State Representative Edward Clere, a Republican, blamed the agency’s limited release of details for the outcry. “It is scary for families to be told that there are going to be major changes but not have enough information to understand what those changes will mean for them,” he said.
Families in rural areas may be particularly hard-pressed to find help caring for their children. Indiana has 26 percent fewer home health aides than the national average, according to AARP.
Lydia Townsend, a service coordinator for Healing Hands who oversees more than 200 caregivers, including Ms. Poynter, said boundaries should be set to avoid any abuses of the system. But she worried that the proposed cuts would endanger families. “They’re not going to have a roof and food like what they’re able to have now,” she said.
The fallout this year from the federal government’s reduced Medicaid funding is rippling across many states at a time when their tax revenues are also falling. KFF projects that states’ expenditures on Medicaid will rise a startling 17 percent this year.
Alice Burns, associate director of KFF’s program on Medicaid and the Uninsured, asked what would be sacrificed if Indiana continued to spend so much on the caregiving program: “Wraparound services for pregnant women? Dental care for children? What are the services people will have to do without?”
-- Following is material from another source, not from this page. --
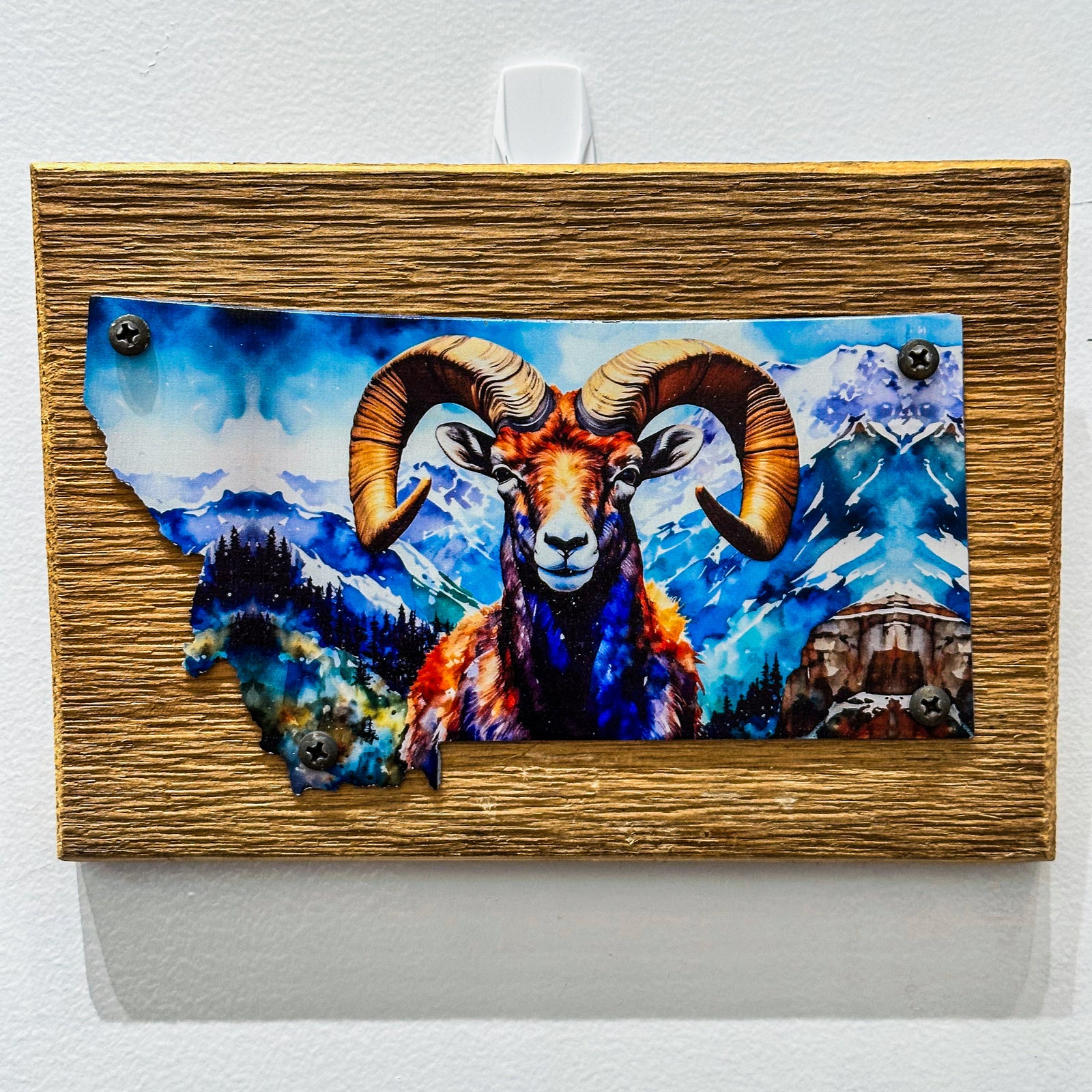 This Metal and wood plaque is in the shape of Montana with a vibrant print of a Ram. Made in Montana.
Ms. Poynter isn’t sure what she will do if the cutbacks are approved, but ruled out turning to a stranger for help. She’ll probably care for Sonny until her husband gets off work and then pick up evening shifts as a waitress or a barista. Compared with friends who are sole caregivers, she said that she felt fortunate.
But nothing could make up for the time parents would have to spend away from their children, whose lives are precarious and often short.
“Tomorrow is not promised for them,” she said.